Checking if an instance's class implements an interface?
PhpInterfaceOopPhp Problem Overview
Given a class instance, is it possible to determine if it implements a particular interface? As far as I know, there isn't a built-in function to do this directly. What options do I have (if any)?
Php Solutions
Solution 1 - Php
interface IInterface
{
}
class TheClass implements IInterface
{
}
$cls = new TheClass();
if ($cls instanceof IInterface) {
echo "yes";
}
You can use the "instanceof" operator. To use it, the left operand is a class instance and the right operand is an interface. It returns true if the object implements a particular interface.
Solution 2 - Php
As therefromhere points out, you can use class_implements(). Just as with Reflection, this allows you to specify the class name as a string and doesn't require an instance of the class:
interface IInterface
{
}
class TheClass implements IInterface
{
}
$interfaces = class_implements('TheClass');
if (isset($interfaces['IInterface'])) {
echo "Yes!";
}
class_implements() is part of the SPL extension.
See: http://php.net/manual/en/function.class-implements.php
Performance Tests
Some simple performance tests show the costs of each approach:
Given an instance of an object
Object construction outside the loop (100,000 iterations)
| class_implements | Reflection | instanceOf |
|---|---|---|
| 140 ms | 290 ms | 35 ms |
| '--------------------------------------------' |
Object construction inside the loop (100,000 iterations)
| class_implements | Reflection | instanceOf |
|---|---|---|
| 182 ms | 340 ms | 83 ms |
| 431 ms | 607 ms | 338 ms |
| '--------------------------------------------' | ||
Given only a class name
100,000 iterations
| class_implements | Reflection | instanceOf |
|---|---|---|
| 149 ms | 295 ms | N/A |
| '--------------------------------------------' | ||
Where the expensive __construct() is:
public function __construct() {
$tmp = array(
'foo' => 'bar',
'this' => 'that'
);
$in = in_array('those', $tmp);
}
These tests are based on this simple code.
Solution 3 - Php
nlaq points out that instanceof can be used to test if the object is an instance of a class that implements an interface.
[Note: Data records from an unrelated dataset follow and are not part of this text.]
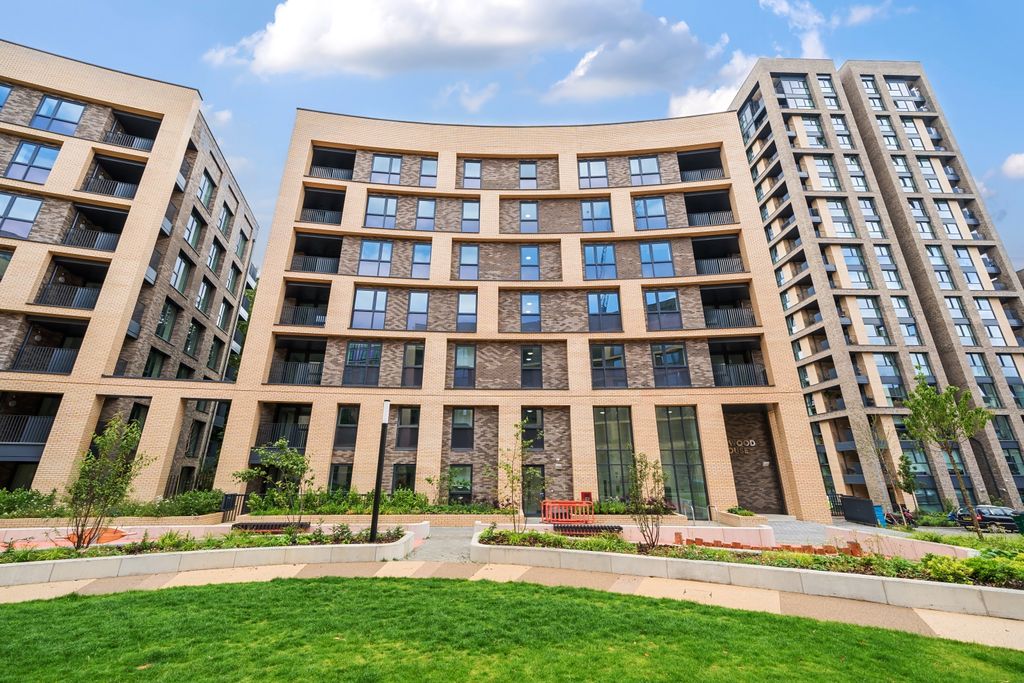 Property photo 1 of 18 External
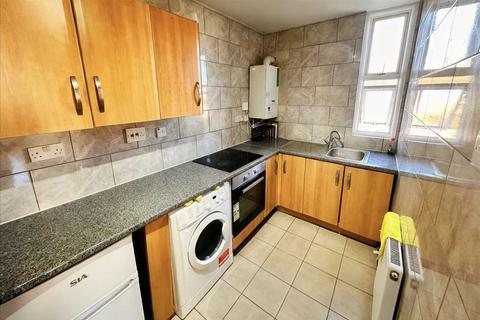 1 bedroom apartment to rent, Welldon Crescent, Harrow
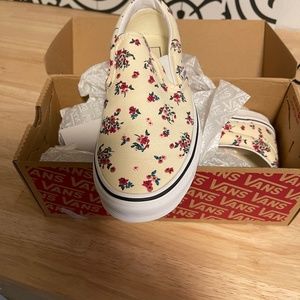 BNWB Vans slip ons🔥🔥 final drop before gifting them to someone!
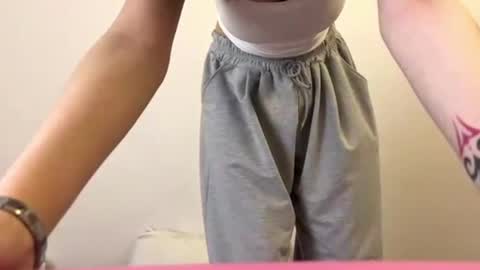 Snapshot of kristelbrigantino chatting on April 15, 7:58 pm Kristen online show from April 15, 7:58 pm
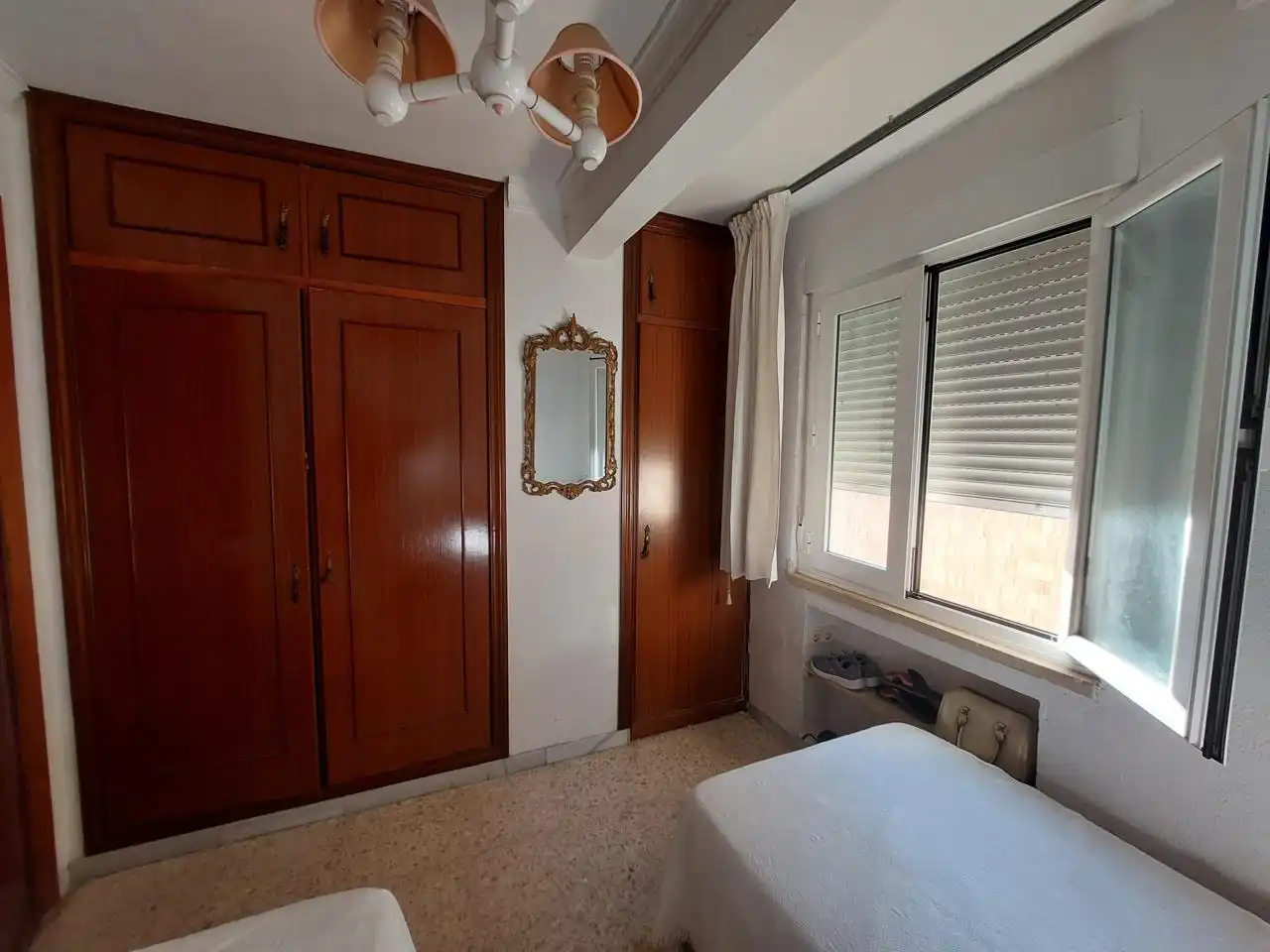 Habitación de Piso de alquiler en Cádiz con Balcón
But instanceof doesn't distinguish between a class type and an interface. You don't know if the object is a class that happens to be called IInterface.
You can also use the reflection API in PHP to test this more specifically:
$class = new ReflectionClass('TheClass');
if ($class->implementsInterface('IInterface'))
{
print "Yep!\n";
}
Solution 4 - Php
Just to help future searches is_subclass_of is also a good variant (for PHP 5.3.7+):
if (is_subclass_of($my_class_instance, 'ISomeInterfaceName')){
echo 'I can do it!';
}
Solution 5 - Php
Update
The is_a function is missing here as alternative.
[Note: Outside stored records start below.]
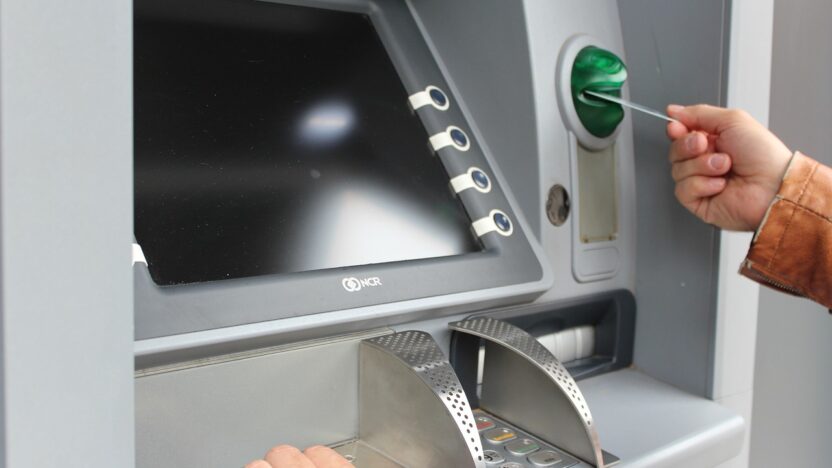 Use These Tips to Avoid ATM Fees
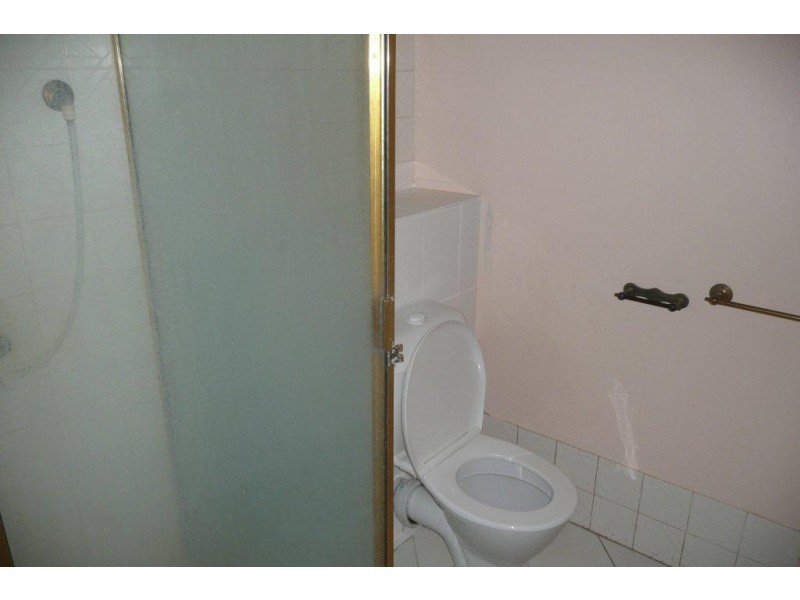 2/15 Priory Street, Indooroopilly QLD 4068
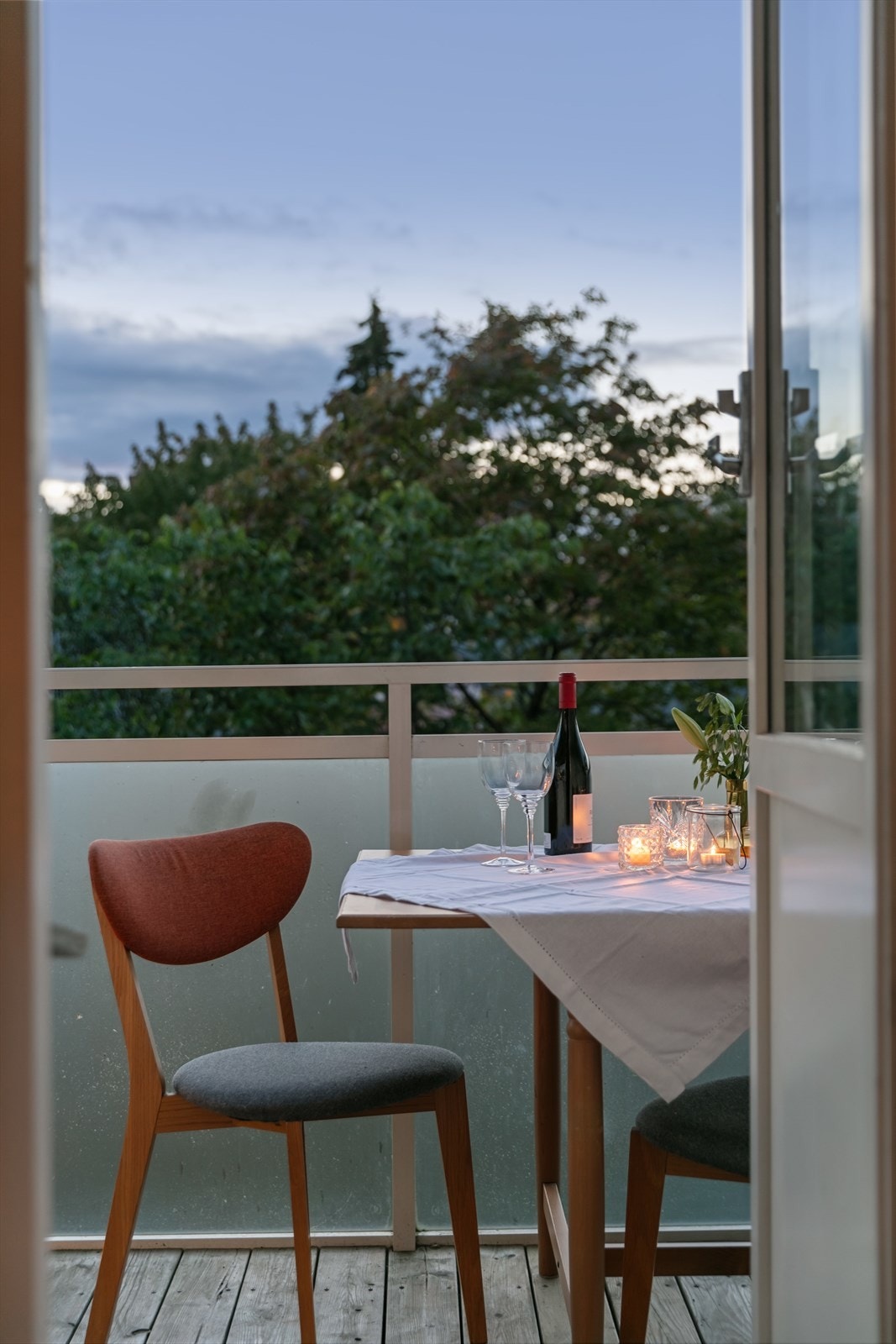 Balkongen oppleves som en utvidelse av stuen på varme sommerdager og ligger badet i sol fra midt på dagen til sent utpå kvelden Galleribilde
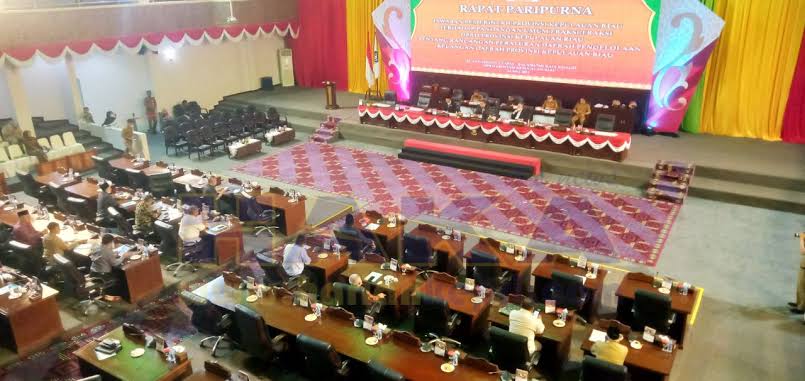 Diduga 10 Oknum Anggota DPRD Kerinci Pemilik Pokir PJU Diduga 10 Oknum Anggota DPRD Kerinci Pemilik Pokir PJU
I did some performance tests to check which of the stated ways is the most performant.
Results over 100k iterations
instanceof [object] took 7.67 ms | + 0% | ..........
is_a [object] took 12.30 ms | + 60% | ................
is_a [class] took 17.43 ms | +127% | ......................
class_implements [object] took 28.37 ms | +270% | ....................................
reflection [class] took 34.17 ms | +346% | ............................................
Added some dots to actually "feel" see the difference.
Generated by this: https://3v4l.org/8Cog7
Conclusion
In case you have an object to check, use instanceof like mentioned in the accepted answer.
In case you have a class to check, use is_a.
Bonus
Given the case you want to instantiate a class based on an interface you require it to have, it is more preformant to use is_a. There is only one exception - when the constructor is empty.
Example:
is_a(<className>, <interfaceName>, true);
It will return bool. The third parameter "allow_string" allows it to check class names without instantiating the class.
Solution 6 - Php
You can also do the following
public function yourMethod(YourInterface $objectSupposedToBeImplementing) {
//.....
}
It will throw an recoverable error if the $objectSupposedToBeImplementing does not implement YourInterface Interface.